Kami akhirnya makan di sebuah resto kecil (lebih tepat sih warung makan) di daerah **********, punya sahabat Sandra (Sandra bilang dia juga punya saham di warung tersebut). Paul namanya. Sebelum Sandra ke sana, dia sudah telepon dulu untuk memastikan restonya masih buka. Maklum warung dia cukup laris.

"Sori ya Paul, datang agak maleman. Kangen masakanmu," katanya sambil cipika-cipiki. Kami datang di sana dan warung sudah setengah tertutup dan dipasangi tulisan TUTUP. Tampaknya pemiliknya memang sengaja menunggu Sandra.

"Gue pikir lo tadi mau makan sama Andre ...," katanya sambil melirik aku. Andre nama tunangan Sandra (aku juga baru tahu kemudian setelah diberitahu Sandra. Mungkin karena aku dan Sandra jarang sekali mendiskusikan pasangan).

"Oya, kenalin ini mas Evan. Mas, ini Paul."

Dengan cepat Paul menyajikan masakan khas warung itu kepada kami yang sudah sangat kelaparan.

"Enjoy," katanya sambil hendak berlalu.

Sandra memegang tangannya.

"Ikut ngobrol di sini yuk Paul, biar rame," katanya. Kami akhirnya ngobrol heboh bertiga di tengah sepinya warung yang sudah kosong itu. Paul ini rupanya enak sekali buat diajak ngobrol, sangat sociable.

Dia memang chef berbakat.
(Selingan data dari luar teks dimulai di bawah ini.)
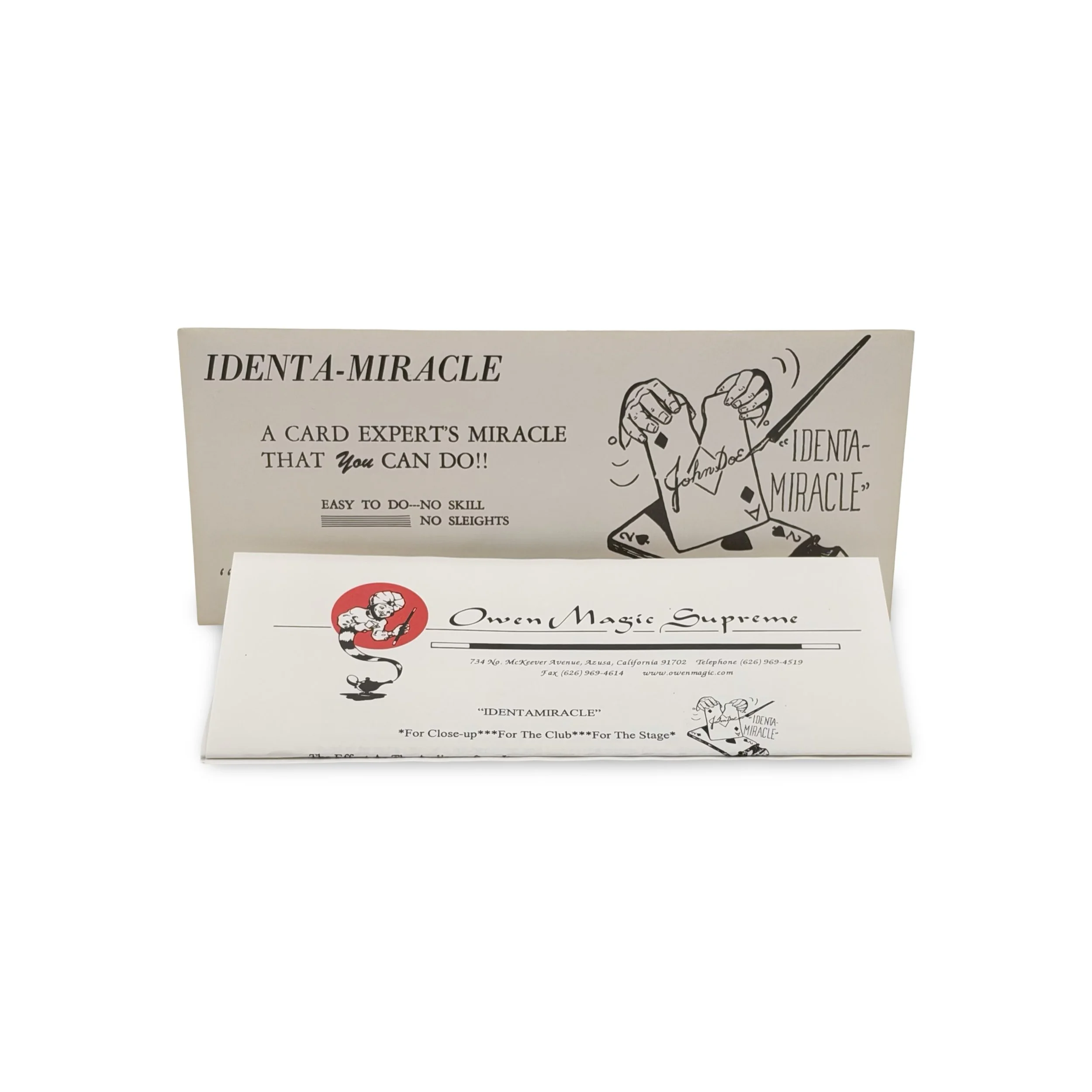 Identa-Miracle. Azusa: Owen Magic Supreme, ca. 2000s.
Bapak ibunya orang Indonesia, tapi dia lahir dan besar di Hong Kong sebelum akhirnya pindah ke Indonesia for good, bersama dengan partnernya, expat Hong Kong yang bikin pabrik kain di daerah Ungaran. Kami menikmati seporsi besar mi daging sapi (rasanya mirip sekali dengan Kau Kee di Central, HK), Sandra sampai ga habis sangking banyaknya, dan aku dengan "gentleman"nya, menghabiskan sisa minya. Minumnya sederhana, es teh tarik.

"Wow, super good. Makasih ya Paul, masakanmu masih enak kaya dulu."
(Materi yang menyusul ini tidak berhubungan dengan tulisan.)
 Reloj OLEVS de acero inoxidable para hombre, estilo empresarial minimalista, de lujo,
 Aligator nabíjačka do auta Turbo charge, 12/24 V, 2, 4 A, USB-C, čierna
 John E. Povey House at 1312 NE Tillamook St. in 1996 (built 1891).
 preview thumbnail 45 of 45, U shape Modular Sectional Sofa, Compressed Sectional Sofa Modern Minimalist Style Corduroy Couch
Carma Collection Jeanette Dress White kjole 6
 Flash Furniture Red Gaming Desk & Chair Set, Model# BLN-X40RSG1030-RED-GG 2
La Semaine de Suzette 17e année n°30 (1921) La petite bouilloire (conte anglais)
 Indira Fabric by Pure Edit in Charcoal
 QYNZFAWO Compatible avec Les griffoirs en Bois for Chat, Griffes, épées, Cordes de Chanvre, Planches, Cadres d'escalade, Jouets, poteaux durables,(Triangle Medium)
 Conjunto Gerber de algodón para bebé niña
"Lah lo pake diet-dietan segala sih, jadi jarang banget ke sini. Sekalinya datang bawa orang ganteng," kata Paul, sambil memandangku dan tersenyum lebar.
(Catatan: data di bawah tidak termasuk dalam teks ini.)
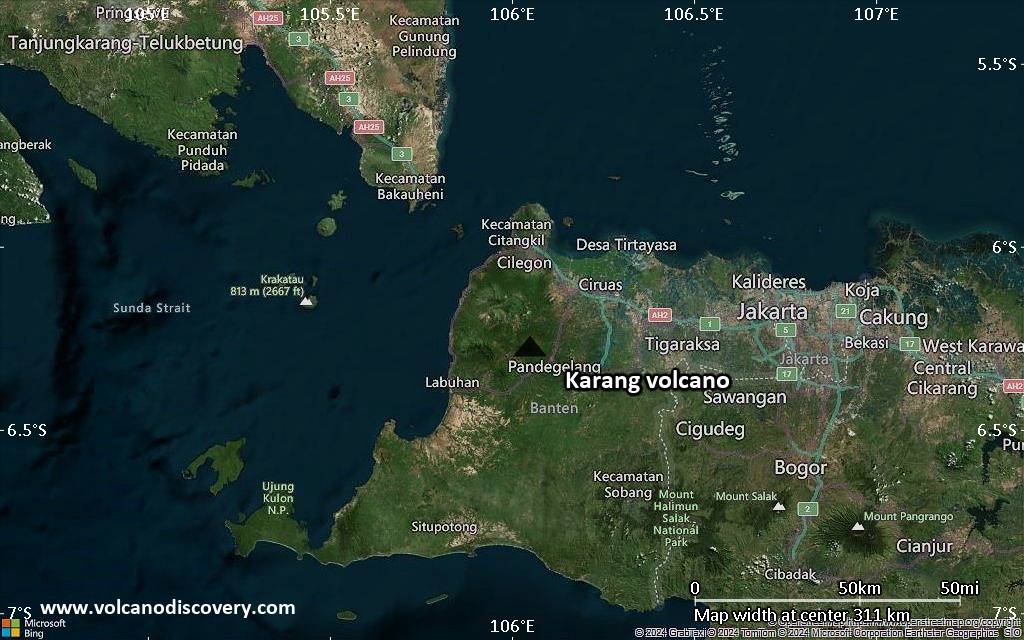 Karang Volcano, West Java (Indonesia) - facts & information ...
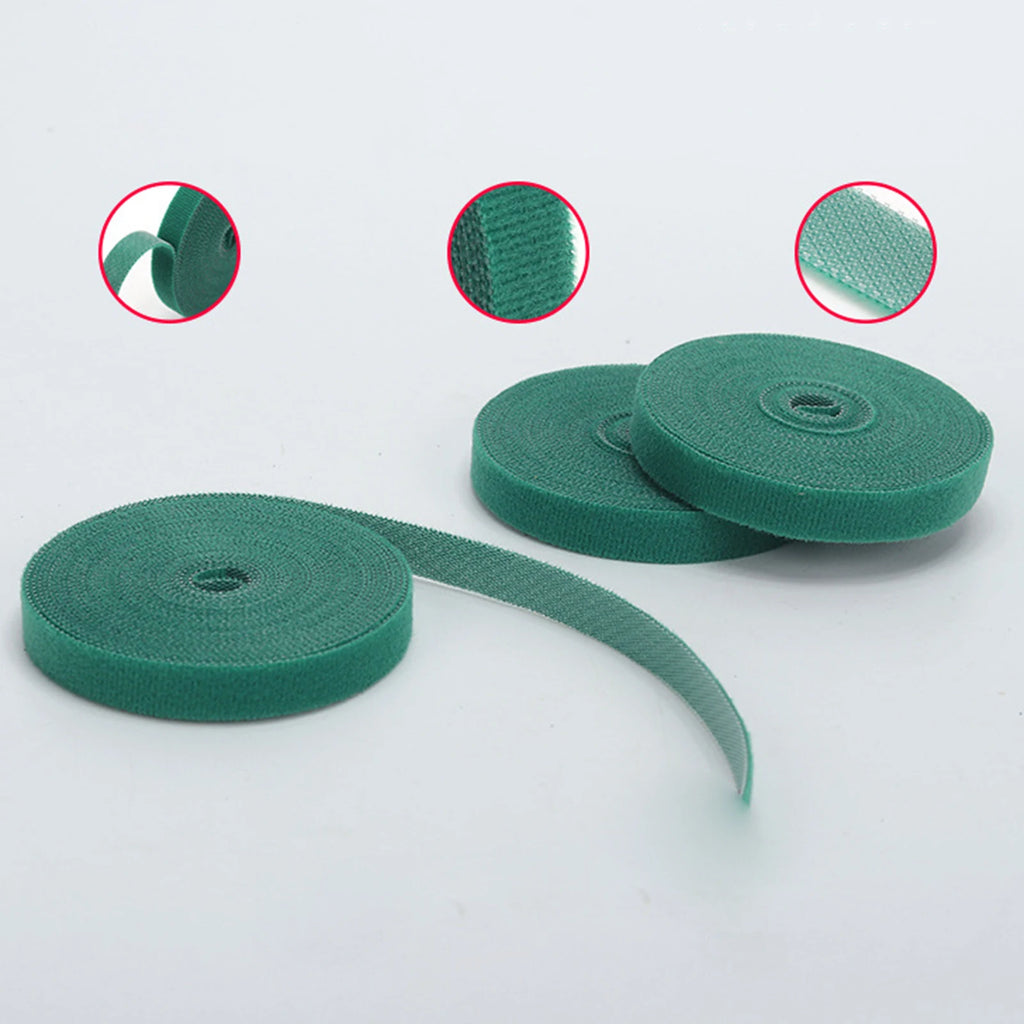 35m Reusable Plant Ties Nylon Garden Tie Tree Straps twist tie Green Fastener Tape for Cucumbers Climbing Plants Straightening Zpaxo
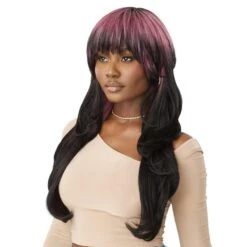Outre WigPop Synthetic Wig - Cyra -Beauty Exchanges outre wigpop synthetic wig cyra loose curls with bangs natural volume pop on style in sweet shades 184547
Sandra nyengir. Aku salah tingkah.

"Belum pernah dipuji gay ya?" tanyanya tak bisa menahan tawa setelah Paul berlalu. Tangannya memukul lenganku mesra. Mesra? jangan geer lah Van.

"Sejujurnya, baru kali ini."

"He is right, tho ...," katanya sambil memandangku lekat-lekat. Aku kembali salah tingkah. Damn, perempuan yang 16 tahun lebih muda daripadaku bisa membuat aku salah tingkah dan bertingkah aneh seperti ini.

"Thank you. you too," kataku. Entah bagaimana, tanganku kemudian memegang tangan dia yang halus itu. Dia pun tak menolak.

"Ok, gue kayanya harus pesen taksi sekarang," kataku enggan.

"Oya Mas, berapa koleksi Satchmu di rumah?"

Aku paham dia lagi ngomongin Joe Satriani.

"Lumayan. Mau pinjem?"

"Boleh. Sekalian gue anter pulang aja mas, gue ambil."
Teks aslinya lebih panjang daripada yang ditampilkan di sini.